In Niedersachsen braucht man nur den jeweiligen Angelschein(z.b. Des Vereines),
wenn der erste Wohnsitz in Niedersachsen ist und man in der Niedersächsischen Nordsee angeln will.
(Jahresfischereischein ist nicht notwendig, kann aber zusätzlich erworben werden, was sinnvoll ist, wenn man mal in SH fischen möchte. 
Wird in Niedersachsen nur einmal ausgestellt mit Lebenslanger Gültigkeit)

In Schleswig Holstein braucht man den Jahresfischereischein der je nach Bundesland, in dem man wohnt, Lebenslang oder mit Jährlicher Gültigkeit ausgestellt wird, egal ob man in der Nord oder Ostsee fischen möchte.

In MV muß zusätzlich eine Genemigung erworben werden die zusätzlich zum Jahresfischereischein nötig ist.

Sollten noch Fragen bestehen, ich hab meine fragen vom VDSF in Kiel, Hannover und von der jeweils zuständigen Landesfischerei Behörde der Länder in den jeweiligen Bundesländern beantwortet bekommen.

PS. sollten sich die Bestimmungen seit letzten Herbst geändert haben, bin ich für jede Berichtigung dankbar.


----------



## JanS (1. Juli 2005)

*AW: ???Ausrüstungsfrage???*

@masterfischer

du redest von dem prüfungszeugniss  ich rede vonnem fischereischein der zusätzlich erworben werden muss (in einigen Bundesländer Nierdersachsen gehört nicht dazu) um in einem Verein mitglied zu werden.


gruß
Jan


----------



## Masterfischer (1. Juli 2005)

*AW: ???Ausrüstungsfrage???*



			
				JanS schrieb:
			
		

> @masterfischer
> 
> du redest von dem prüfungszeugniss  ich rede vonnem fischereischein der zusätzlich erworben werden muss (in einigen Bundesländer Nierdersachsen gehört nicht dazu) um in einem Verein mitglied zu werden.
> 
> ...


Dann meinst du den Sportfischerei-Pass aha ich habe verstanden.
Mfg Masterfischer


----------



## Rumpelrudi (2. Juli 2005)

*AW: ???Ausrüstungsfrage???*

@ Masterfischer

Hallo auch von mir
Die Angelscheinfrage stellt sich also nicht für Dich.

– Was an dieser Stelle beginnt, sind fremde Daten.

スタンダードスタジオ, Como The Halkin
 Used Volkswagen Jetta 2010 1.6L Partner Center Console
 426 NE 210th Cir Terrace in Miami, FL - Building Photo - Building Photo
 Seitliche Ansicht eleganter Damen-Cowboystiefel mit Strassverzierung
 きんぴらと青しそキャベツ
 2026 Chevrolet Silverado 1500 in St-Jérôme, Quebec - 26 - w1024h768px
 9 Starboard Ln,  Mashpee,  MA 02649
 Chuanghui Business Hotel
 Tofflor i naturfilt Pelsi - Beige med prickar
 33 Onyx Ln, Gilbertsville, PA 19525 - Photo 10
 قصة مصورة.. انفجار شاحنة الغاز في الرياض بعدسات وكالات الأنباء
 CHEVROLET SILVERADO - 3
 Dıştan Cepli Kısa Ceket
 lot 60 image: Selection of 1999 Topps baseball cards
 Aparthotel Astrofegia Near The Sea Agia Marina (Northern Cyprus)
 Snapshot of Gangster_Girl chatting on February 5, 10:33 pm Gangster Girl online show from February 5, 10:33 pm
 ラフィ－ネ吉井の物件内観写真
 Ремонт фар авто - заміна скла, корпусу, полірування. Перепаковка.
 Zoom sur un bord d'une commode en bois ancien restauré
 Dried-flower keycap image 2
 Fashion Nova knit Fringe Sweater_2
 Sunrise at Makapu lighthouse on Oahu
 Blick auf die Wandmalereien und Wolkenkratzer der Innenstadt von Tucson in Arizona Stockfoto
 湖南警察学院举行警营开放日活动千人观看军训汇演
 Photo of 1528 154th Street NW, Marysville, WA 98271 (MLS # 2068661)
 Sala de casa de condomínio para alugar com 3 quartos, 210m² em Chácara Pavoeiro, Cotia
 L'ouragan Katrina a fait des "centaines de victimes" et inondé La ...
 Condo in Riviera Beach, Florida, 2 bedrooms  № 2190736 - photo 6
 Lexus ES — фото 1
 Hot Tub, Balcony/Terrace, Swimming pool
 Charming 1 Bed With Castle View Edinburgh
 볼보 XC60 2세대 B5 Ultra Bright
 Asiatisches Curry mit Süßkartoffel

Und 14 bist Du auch.
Zu den Angelgeräten kann ich Dir auch nur sagen, dass Du eine Rute mitnehmen solltest, die ein 100g Blei gut vertragen kann. Die 3,30m Ruten kannst Du auch mitnehmen.
Ansonsten vergiss erst einmal, was Dir Agalatze erzählt hat. Der hat wohl keine Ahnung wo Dangast liegt. In der Nordsee herrschen andere Techniken als in der Ostsee.
Wattwürmer kannst Du um Dangast fast überall buddeln, denn dort ist keine Schutzzone. Nimm zum Angeln genug mit, weil Du alle 15 Minuten den Köder erneuern solltest.
Das Wichtigste überhaupt, was Du brauchst, ist ein Tidenkalender. Was nützt Dir die schönste Ausrüstung, wenn kein Wasser da ist. Und bei Dangast ist 12 Stunden am Tag ganz schön viel kein Wasser.
Deine Schwester sollte Dir einen aus der Zeitung besorgen können.
Die beste, aber auch einzigste Angelzeit sind die zwei Stunden vor dem höchsten Wasserstand +/- 1 Stunde. Wenn der höchste Wasserstand in die Dämmerung hineinfällt, um so besser.
Bei Dangast sind die Fangaussichten ziemlich ernüchternd bis null. Etwas weiter bei Varel (5,5km) gibt es einen Priel, der immer Wasser führt. Dort hast Du gute Chancen auf Aal, Aalmuttern und Flunder, wenn nicht alles mit Reusen zugepflastert ist. Dort reichen Deine Spinnruten völlig aus. Hat mit Brandungsangeln auch wenig gemein.
Brandungsangeln, wie allgemein bekannt, ist an dem Wilhelmshafener Südstrand möglich, wo die Fähre nach Eckwarderhörne anlegt. Dort geht auch eine heftige Strömung entlang, wo Du mindestens ein 100g Blei brauchst.
Um Agalatze und Rosi endgültig zu schocken:
Bei trüben Wetter fängst Du an der Nordsee so gut wie nichts.
Bei auflandigem Wind noch weniger.
Auflaufendes Wasser, blauer Himmel und ablandiger Wind sind optimal für den Fang von Aalen, Flundern oder Aalmuttern(Aalquappen oder Puten sagt der Ostfriese dazu). Bei Hochwasser kannst Du einpacken.

Petri Heil und moin moin


----------



## Rosi (2. Juli 2005)

*AW: ???Ausrüstungsfrage???*

Rumpelrudi, du alter Schlingel Warum hast du das denn nicht gleich gesagt?


----------



## Masterfischer (2. Juli 2005)

*AW: ???Ausrüstungsfrage???*



			
				Rumpelrudi schrieb:
			
		

> @ Masterfischer
> 
> Hallo auch von mir
> Die Angelscheinfrage stellt sich also nicht für Dich. Und 14 bist Du auch.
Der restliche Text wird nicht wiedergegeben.